**What to produce**
Only lines containing "Single" are wanted from the data below. Copy those lines.

(Data for analysis begins)

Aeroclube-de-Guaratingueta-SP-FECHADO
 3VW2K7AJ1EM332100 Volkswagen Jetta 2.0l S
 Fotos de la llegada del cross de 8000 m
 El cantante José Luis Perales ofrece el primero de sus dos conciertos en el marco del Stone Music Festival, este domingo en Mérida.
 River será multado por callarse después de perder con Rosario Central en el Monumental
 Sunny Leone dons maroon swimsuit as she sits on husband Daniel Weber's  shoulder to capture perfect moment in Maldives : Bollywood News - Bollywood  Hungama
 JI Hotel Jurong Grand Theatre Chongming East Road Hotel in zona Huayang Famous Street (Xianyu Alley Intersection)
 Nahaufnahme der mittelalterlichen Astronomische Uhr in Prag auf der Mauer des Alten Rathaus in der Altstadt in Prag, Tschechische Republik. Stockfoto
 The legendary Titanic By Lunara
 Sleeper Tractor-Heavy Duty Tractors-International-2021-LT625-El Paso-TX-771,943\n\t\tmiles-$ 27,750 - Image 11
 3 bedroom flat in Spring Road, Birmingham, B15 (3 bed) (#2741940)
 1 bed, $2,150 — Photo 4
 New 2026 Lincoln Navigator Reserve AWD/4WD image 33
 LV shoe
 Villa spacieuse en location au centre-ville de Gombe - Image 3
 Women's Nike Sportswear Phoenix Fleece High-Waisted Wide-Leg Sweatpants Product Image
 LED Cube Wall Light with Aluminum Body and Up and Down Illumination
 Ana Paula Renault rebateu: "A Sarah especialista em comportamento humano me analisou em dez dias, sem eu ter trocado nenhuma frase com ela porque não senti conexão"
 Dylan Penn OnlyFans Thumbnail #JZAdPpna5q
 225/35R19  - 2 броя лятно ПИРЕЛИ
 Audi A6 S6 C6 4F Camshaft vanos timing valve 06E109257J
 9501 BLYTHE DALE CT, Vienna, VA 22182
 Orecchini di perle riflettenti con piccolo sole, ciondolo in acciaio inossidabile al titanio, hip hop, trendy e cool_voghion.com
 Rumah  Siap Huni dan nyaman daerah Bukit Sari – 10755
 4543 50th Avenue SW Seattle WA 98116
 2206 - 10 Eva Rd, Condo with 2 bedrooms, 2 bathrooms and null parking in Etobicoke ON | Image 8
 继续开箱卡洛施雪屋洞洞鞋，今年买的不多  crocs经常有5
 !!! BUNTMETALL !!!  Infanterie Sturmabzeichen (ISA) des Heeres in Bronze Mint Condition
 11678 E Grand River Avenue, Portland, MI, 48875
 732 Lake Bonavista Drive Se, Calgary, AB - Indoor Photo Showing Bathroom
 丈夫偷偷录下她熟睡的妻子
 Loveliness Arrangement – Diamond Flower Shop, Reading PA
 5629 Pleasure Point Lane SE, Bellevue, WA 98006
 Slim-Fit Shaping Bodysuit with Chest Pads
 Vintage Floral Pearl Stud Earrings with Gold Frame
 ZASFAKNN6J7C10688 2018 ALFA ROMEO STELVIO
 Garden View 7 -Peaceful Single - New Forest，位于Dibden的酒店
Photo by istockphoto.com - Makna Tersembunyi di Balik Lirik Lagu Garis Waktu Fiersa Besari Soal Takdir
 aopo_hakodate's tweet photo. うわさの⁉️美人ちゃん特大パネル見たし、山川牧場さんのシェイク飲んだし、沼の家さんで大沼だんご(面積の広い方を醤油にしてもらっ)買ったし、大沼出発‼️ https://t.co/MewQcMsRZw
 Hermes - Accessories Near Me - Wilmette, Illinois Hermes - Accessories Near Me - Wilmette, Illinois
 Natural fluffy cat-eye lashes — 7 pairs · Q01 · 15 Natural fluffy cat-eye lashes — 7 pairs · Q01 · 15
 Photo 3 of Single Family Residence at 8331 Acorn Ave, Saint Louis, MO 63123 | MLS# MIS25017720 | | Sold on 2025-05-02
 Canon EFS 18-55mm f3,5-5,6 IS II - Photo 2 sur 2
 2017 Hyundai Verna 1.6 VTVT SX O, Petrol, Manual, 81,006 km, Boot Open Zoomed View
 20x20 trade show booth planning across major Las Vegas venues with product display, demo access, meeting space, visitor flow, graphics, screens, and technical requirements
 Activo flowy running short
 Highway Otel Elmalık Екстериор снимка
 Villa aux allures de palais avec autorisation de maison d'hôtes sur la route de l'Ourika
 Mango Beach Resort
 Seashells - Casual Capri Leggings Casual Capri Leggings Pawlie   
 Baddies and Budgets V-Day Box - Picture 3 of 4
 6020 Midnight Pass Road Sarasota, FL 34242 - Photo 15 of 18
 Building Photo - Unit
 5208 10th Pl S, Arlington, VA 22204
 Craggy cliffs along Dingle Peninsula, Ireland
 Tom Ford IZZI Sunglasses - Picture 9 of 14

(Data for analysis ends)

**Result for this exercise**
 Garden View 7 -Peaceful Single - New Forest，位于Dibden的酒店
 Photo 3 of Single Family Residence at 8331 Acorn Ave, Saint Louis, MO 63123 | MLS# MIS25017720 | | Sold on 2025-05-02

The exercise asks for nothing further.